Promise and Performance: Ten Years of the Forest Rights Act in India

Background of the Forest Rights Act

In its preamble, the Scheduled Tribes and Other Traditional Forest Dwellers (Recognition of Forest Rights) Act, 2006 (FRA for short), recognizes the historical injustice meted out to scheduled tribes and other traditional forest dwellers. It seeks to secure traditional rights over forest land and community forest resources, and establish democratic community-based forest governance.

FRA emerged as a legislative response to a national grassroots movement to record the rights of forest dwelling communities whose rights were not recorded during the consolidation of state forests in the colonial regime and in the post-Independence period, many of whom have been displaced for industrial and conservation projects without rehabilitation due to beinglabeled ‘encroachers’ on forest land. Section 4(5) of the Act requires that no member of the forest dwelling Scheduled Tribes (ST) or Other Traditional Forest Dwellers (OTFD) shall be evicted or removed from forest land under his occupation till the recognition and verification process is complete. The process of recognition and verification laid out in FRA is currently the only legal process for determining the genuine right holders and their rights on forest land.

FRA recognizes 14 pre-existing rights of forest dwellers on all categories of forestland, including PAs.

The major rights are:

• Individual Forest Rights (IFRs) and Community Rights (CRs) of use and access to forest land and resources;
• Community Forest Resource (CFR) Rights to use, manage and govern forests within the traditional boundaries of villages; and
• Empowerment of right-holders, and the gram sabha, for the conservation and protection of forests, wildlife and biodiversity, and their natural and cultural heritage (Section 5, FRA).

The law is significant in seeking to democratize the process of rights recognition by making gram sabha the key authority in the rights recognition process. FRA has also created space for Informed Consent of the gram sabha for diversion of forest land. These rights and the gram sabha’s empowerment, taken together, can transform and radically democratize forest governance and conservation regimes in India. For the millions treated as ‘encroachers’ on their forested habitats and others who were deprived of any say in the matters related to the fate of forests on which their cultures and livelihood depend, FRA implies restitution of their citizenship rights and a right to live with dignity.The CFR provision, taken together with Section 5, is the most significant and powerful right in FRA, as it recognizes the gram sabha’s authority and responsibility to protect, manage and conserve its customary forests for sustainable use and against external threats.
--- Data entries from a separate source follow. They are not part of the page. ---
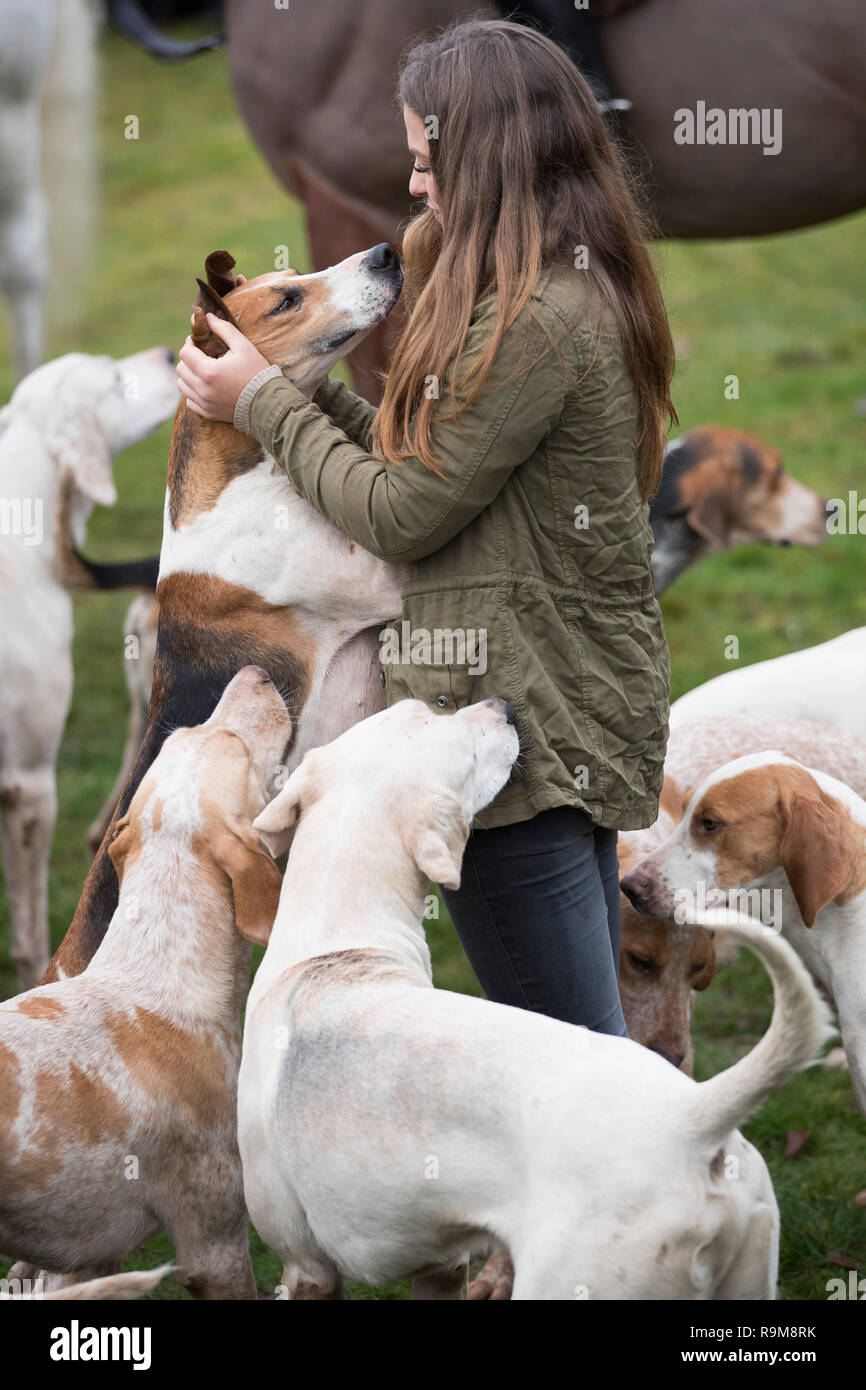 A girl plays with a hound as members of the Albrighton & Woodland Hunt gather at Hagley Hall near Stourbidge in the West Midlands for the Boxing Day hunt. Stock Photo
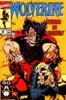 Comic Book Cover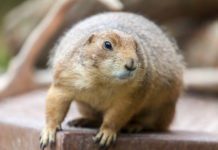 グラウンドホッグデー2019年 今年の春の到来は? groundhog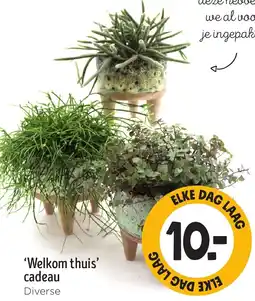 Jumbo Welkom thuis cadeau aanbieding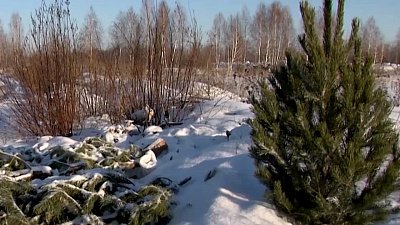 Рекомендации по выбору елки на Новый год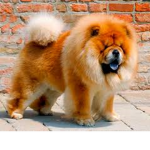 Chow Chow Fan Club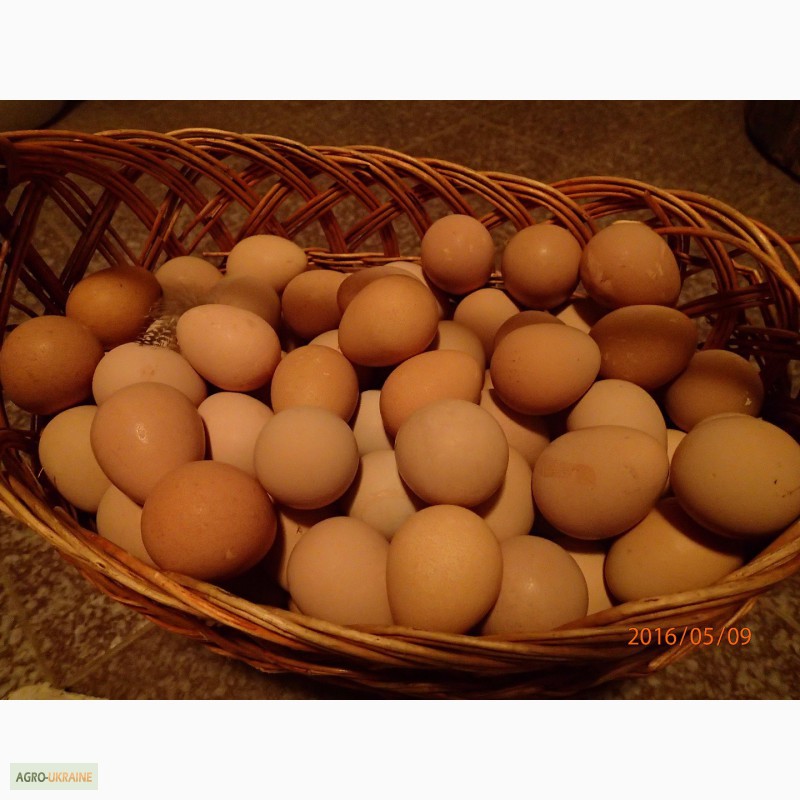 Фото 2. Продам инкубационное яйцо цесарки Серокрапчятой и Загорской Белогрудой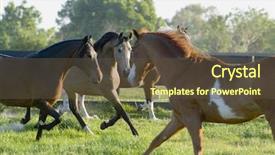  Presentation with horses - Presentation theme consisting of beautiful horses 99 see more background and a  colored foreground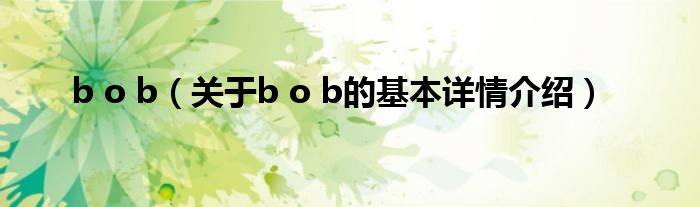 b o b（关于b o b的基本详情介绍）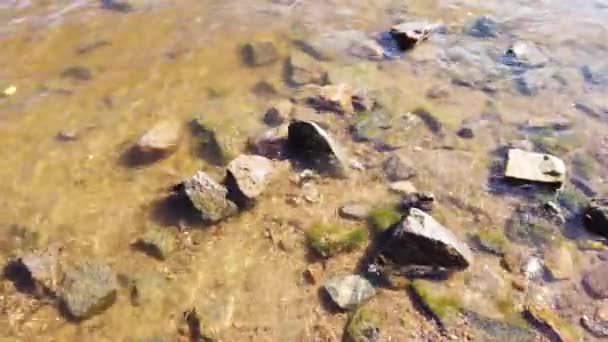 透明な水の中の石を閉じます 岩の多い海岸に波が近づいています 波紋のある水面 — ストック動画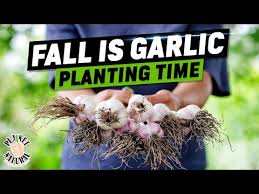Planting Garlic Complete Guide To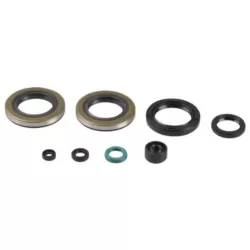 Bearings / Oil seals kits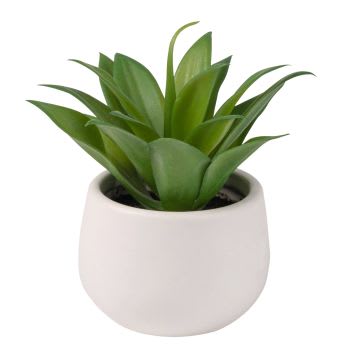 Artificial Aloe Vera in White Ceramic Pot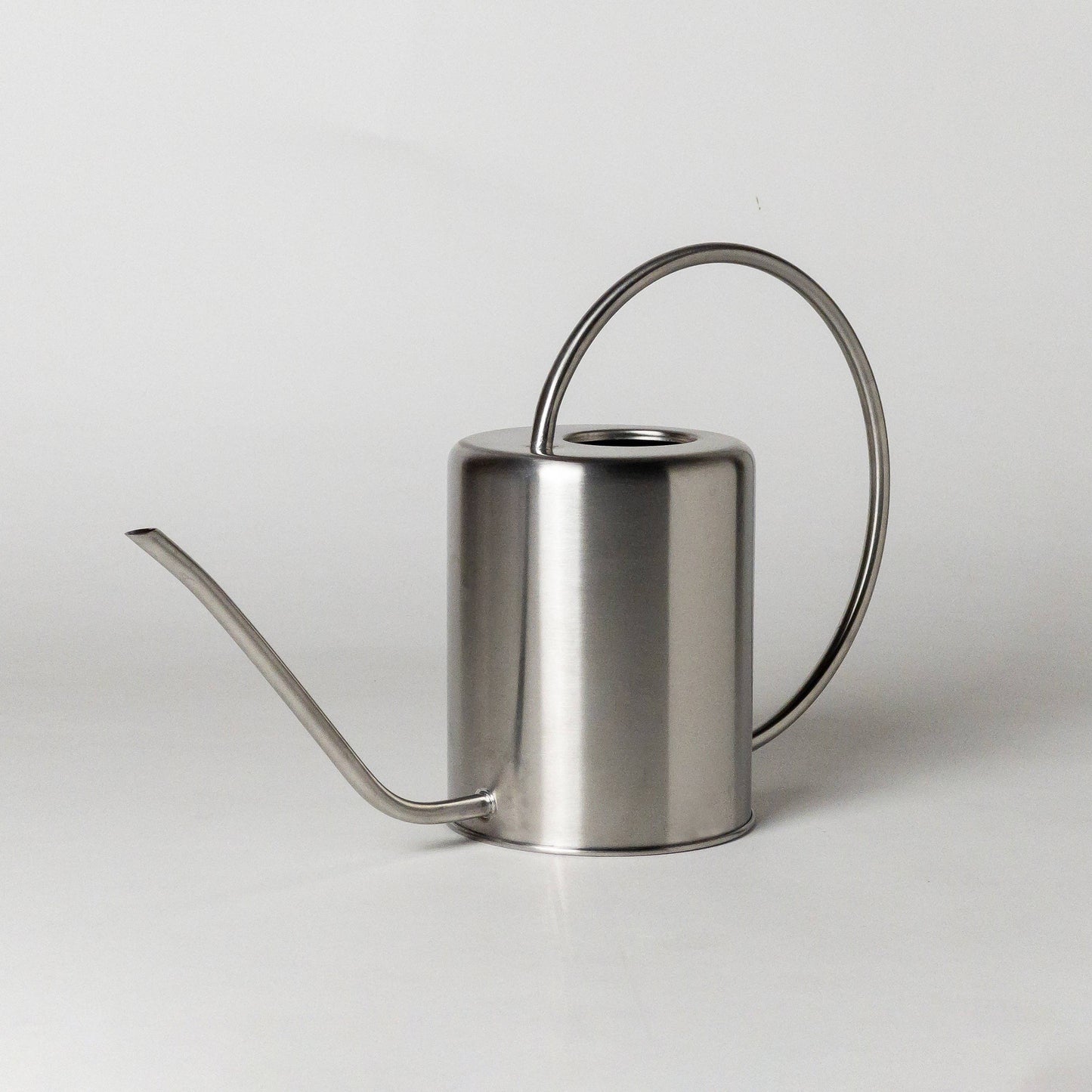 2L Stainless Steel Watering Can: Silver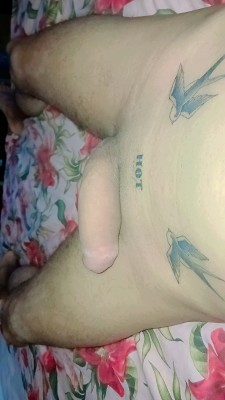 24cmdotado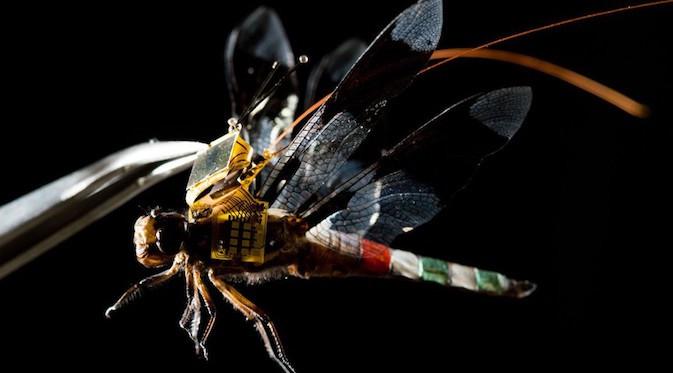 Top 3 Peneliti Ubah Serangga Capung Jadi Drone Paling Hits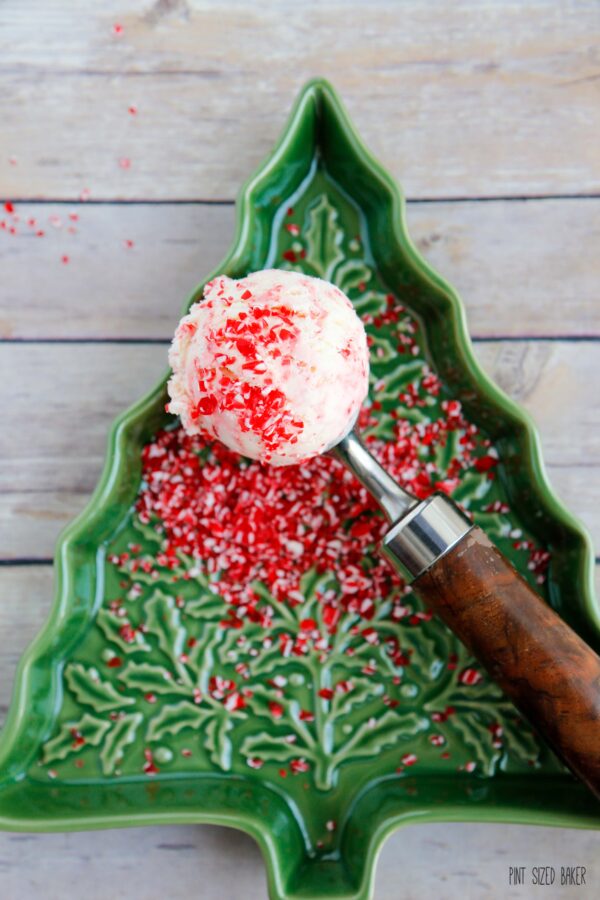 A photo of a scoop of ice cream in a green Christmas tree plate with lots of candy cane bits.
This report, therefore, has a special focus on CFR rights.

Objectives and Structure of the Report


This report seeks to highlight the potential of FRA, assess its achievements, identify the bottlenecks, and find the ways forward. Its objectives are to:
• Make a quantitative estimate of forest land that has the potential to be recognized as CFR area, and compare it to the actual forest area recognized as CFRs across the country;
• Assess the qualitative potential of FRA for gender equal development, poverty alleviation, climate change and biodiversity conservation;
• Compile the progress of recognition of other major rights under FRA, such as IFR, CR and habitat rights;
• Identify the major institutional and procedural bottlenecks in FRA implementation; and
• Identify the ways forward.

The report is structured in three sections. Section I discusses the methodologies used for the study. Section II provides a quantitative assessment of the potential CFR area and the qualitative potential of FRA for development, poverty alleviation, climate change, and biodiversity conservation. It discusses the performance of FRA and carries out a promise and performance analysis for CFR rights. Section III discusses the major bottlenecks in meeting the potential of FRA and provides the ways forward.